ここに、私が伝えたかった重要なメッセージがあります。それは、「独立思考」とは決して一人で考えることを推奨しているわけではない、ということです。
「独立思考」を身につけた先にあるのは、その「独立思考」を身につけた人どうしで「交互作用」を起こすことです。交互作用とは、ある効果(X1)と別の効果(X2)が組み合わさることによって生じる相乗効果(X1×X2)のことです。
言うまでもありませんが、仕事というものは一人で行うものではありません。「独立思考」を身につけた人どうしが互いにコミュニケーションし、力を合わせることで、成果を何倍にも高めることができると考えています。その交互作用をもたらす上で必要なコミュニケーションのポイントも紹介しています。
この本もきっと、私だけの力では、これだけわかりやすい、体系だった内容にはならなかったと思っています。その意味で、私自身もこの本を形にする過程で、交互作用の必要性を再認識することができました。
■自分の強みやオリジナリティーを獲得するための思考法
――「独立思考」を身につけることで、どんな能力を手に入れられるのでしょうか?
ずばり「自分の頭で考え、行動する力」です。何が起きても、自分の力でなんとかして生き残る「個の力」を手に入れるために必要な能力です。
明日、会社がなくなったとしても、自分自身が市場価値の高い強みやオリジナリティーを持っていれば生き残ることができます。ただ、「どうやって強みやオリジナリティーを身につければいいんだろう?」と悩んでいる人もいるでしょう。
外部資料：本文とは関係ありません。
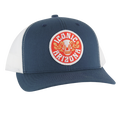 Navy blue curved brim trucker hat with white mesh and round patch showing a skull surrounded by flowers and Iconic Arizona text.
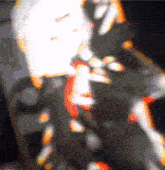 a blurry picture of a person 's face with a white glow in the middle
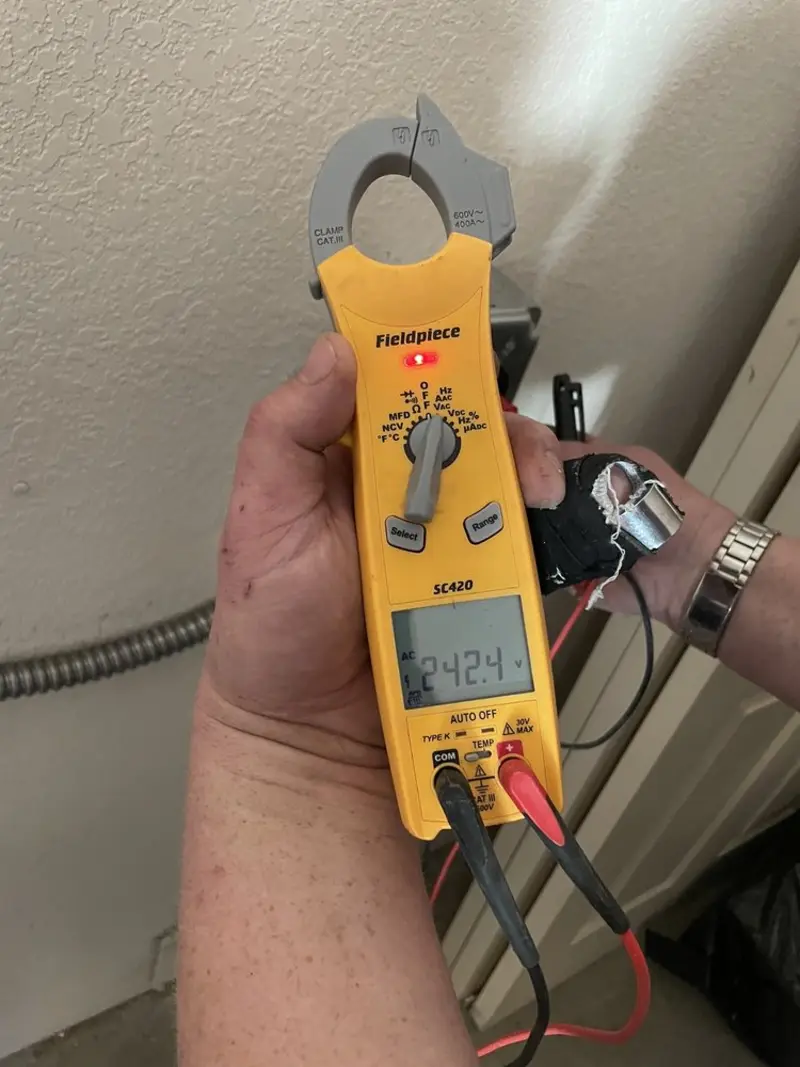 Voltage testing with clamp meter during Recessed Lighting Installation in Granger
「独立思考」とは、その強みやオリジナリティーを獲得するための思考法なんです。「このスキルとこのスキルを組み合わせたら自分の強みになるかもしれない」といったように、自分の強みやオリジナリティーを発見し、磨いていくために、この本を活用していただきたいと思っています。
――オリジナリティーを磨いていくためにどんな行動をすれば良いのでしょうか?
何だっていいと思っています。ただ一つ言えることは「待っていないで何でもいいから仕掛けること」。このマインドも実は必要だと思います。特に今置かれている状況に不満があったり、あるいは何かのチャンスを得たいなら、待っていては絶対にダメです。自らで行動を起こす以外にありません。